Descritores: Glaucoma; Glaucoma de ângulo aberto; Hipertensão ocular; Glaucoma de ângulo fechado
ABSTRACT
PURPOSE: To assess the socioeconomic profile of individuals presenting with primary glaucoma at the ophthalmology service of the university hospital of the Feredal University of Juiz de Fora (MG), Brazil. METHODS: Submission of a questionnaire to 100 individuals during consultation in the ophthalmology service of the university hospital of Federal University of Juiz de Fora (MG), Brazil. RESULTS: Eighty-four per cent of individuals were pensioners or retired, 86% had a monthly income of 1 to 2 salaries, 29% had been spending 26 to 75 reais per month with glaucoma therapy, 78% presented with comorbidities and 41% had already abandoned treatment due to financial difficulties in buying the medication. CONCLUSION: The low-socioeconomic-level studied population presents with therapeutic compliance difficulties mainly due to financial situation and presence of comorbidities. The authors reinforce the urgent need of adopting sociopolitical measures that facilitate access to antiglaucoma medication, which prompts a better therapeutic compliance.

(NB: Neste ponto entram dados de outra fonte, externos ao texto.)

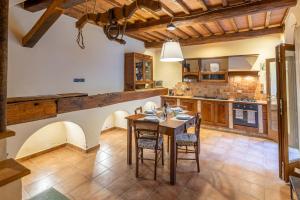 kuchnia z drewnianym stołem i krzesłami w obiekcie La Corte del Podestà w mieście Sarteano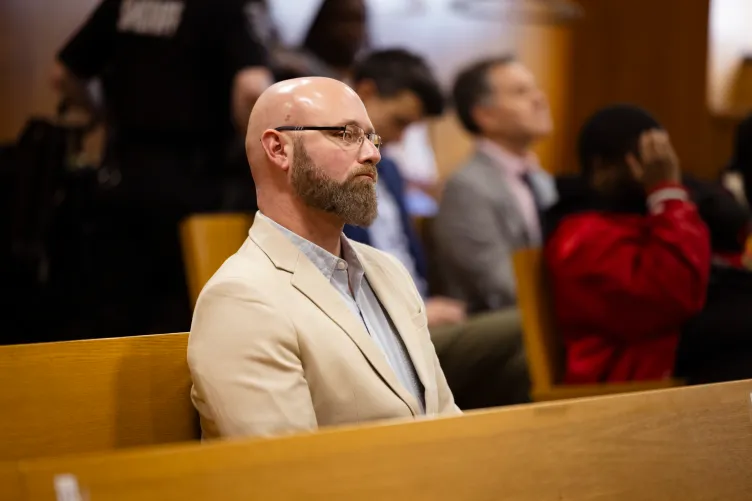 A bearded and bald man, wearing a white blazer seated in a courtroom with people behind him.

Keywords: Glaucoma; Glaucoma, open-angle; Ocular hypertension; Glaucoma, angle-closure
INTRODUÇÃO
O glaucoma é uma neuropatia insidiosa que cursa, na maioria das vezes, com aumento pressórico intra-ocular (valor normal: de 10 a 20 mmHg)(1). Acarreta a morte de células ganglionares da retina com conseqüente dano ao nervo óptico e perda de campo visual, principalmente periférico. Embora raros, podem ocorrer casos de glaucoma com pressão intra-ocular (PIO) normal, que se devem a uma doença específica do nervo óptico(1-2).
O glaucoma é um problema de saúde pública e uma das mais importantes causas de cegueira no Brasil e no mundo(1,3). Segundo a Organização Mundial de Saúde (OMS), o glaucoma é a terceira maior causa de cegueira na população mundial, sendo responsável por 2,4 milhões de novos casos ao ano(3-5). Estima-se que 66,8 milhões de indivíduos no mundo são acometidos pelo glaucoma primário de ângulo aberto (GPAA), sua forma mais prevalente, responsável por cegueira bilateral em 10%(6). Estima-se que 900 mil brasileiros, com idade acima de 40 anos, apresentem glaucoma e cerca de 20% dos indivíduos que descobrem a doença em campanhas, não retornam ao médico(7).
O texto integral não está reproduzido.